Political party in Liberia

The Liberty Party (LP) is a liberal political party in Liberia.

==History==

The party was founded on 19 May 2005. It first fielded candidates in the 2005 elections. Its candidate Charles Brumskine placed third in the presidential poll, winning 13.9% of the vote. The party won 2/15 of the half up for election seats in the Senate and nine in the House of Representatives.

In October 2010, the party was set for a coalition with the Congress for Democratic Change (CDC), the largest party in the Legislature. The deal would have seen the two field a single list of candidates and presidential candidate in the next year's elections; a shared leadership of Brumskine and the CDC's standard-bearer, George Weah. This deal fell apart, and party accordingly announced in February 2011 its senator Franklin Siakor had been chosen as Brumskine's running mate for the election.

The 2014 senate elections saw the party take second (or third if including the independents), with 11.47% of the vote, however the third-largest tranche of party political seats - all being geographic - happened to favour the then lesser-polling Unity Party. The LP share of the up for election half of senate seats was 2/15. The party has 4 of the 30 senators, the most recently elected being Abraham Darius Dillon in 2019.
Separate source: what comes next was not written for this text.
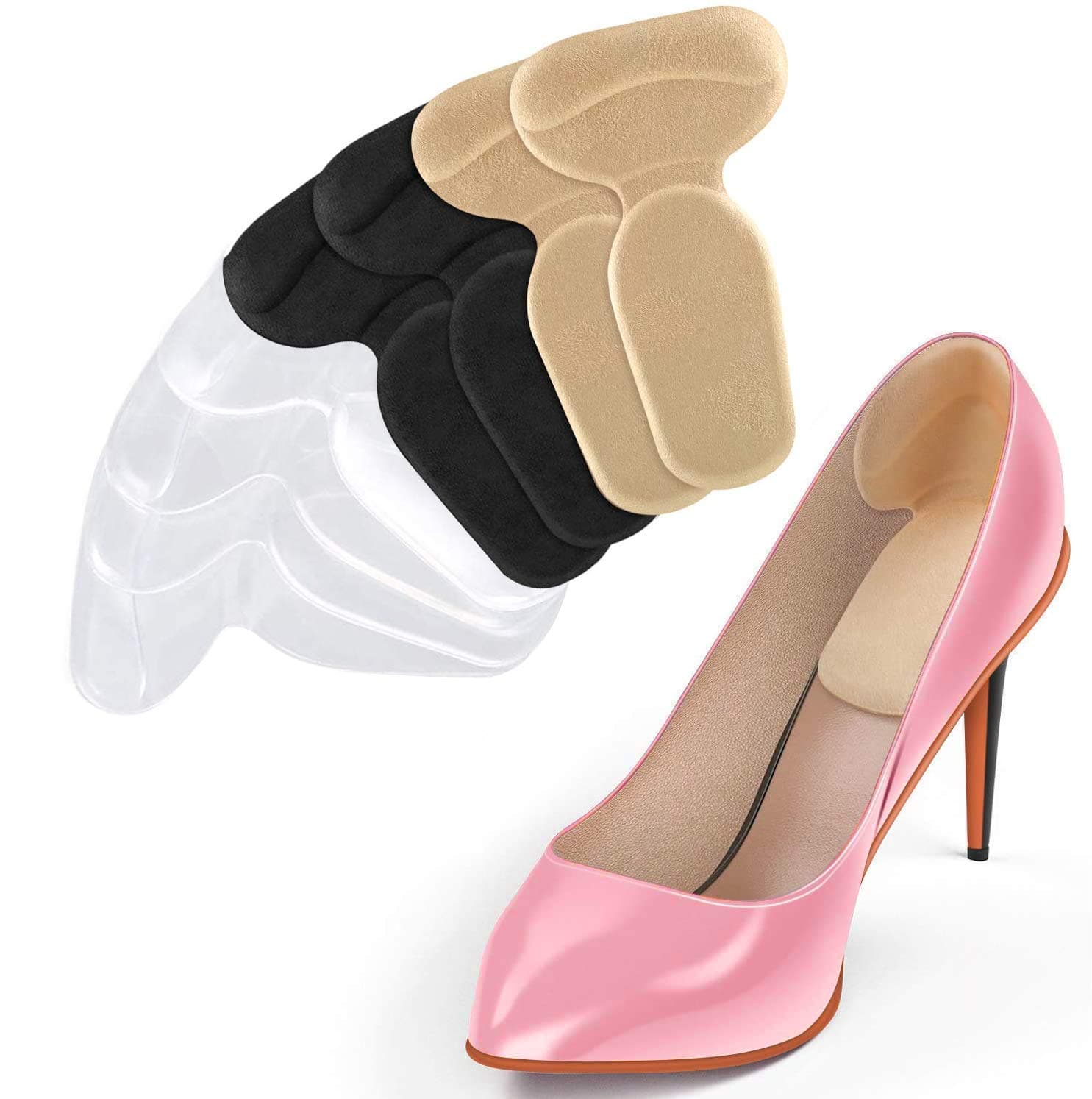 OtooKing Heel Cushion Inserts, Premium Self-Adhesive Shoe Insoles , Soft Gel Shoe Inserts, Blister and Callus Prevention and Protection Heel Pain Relief for Men and Women -4 Pairs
In the 2017 two-purpose elections, the party eked out third (or fourth if including the independents), with 9.62% of the presidential vote; 8.57% in the House. In the latter its sum of three seats was surpassed by the lesser-polling PUP, and by the greater-polling independents with 13 of the 73 seats.

It was formerly led by Charlyne Brumskine. Since 2024, its political leader is Nyonblee Karnga-Lawrence.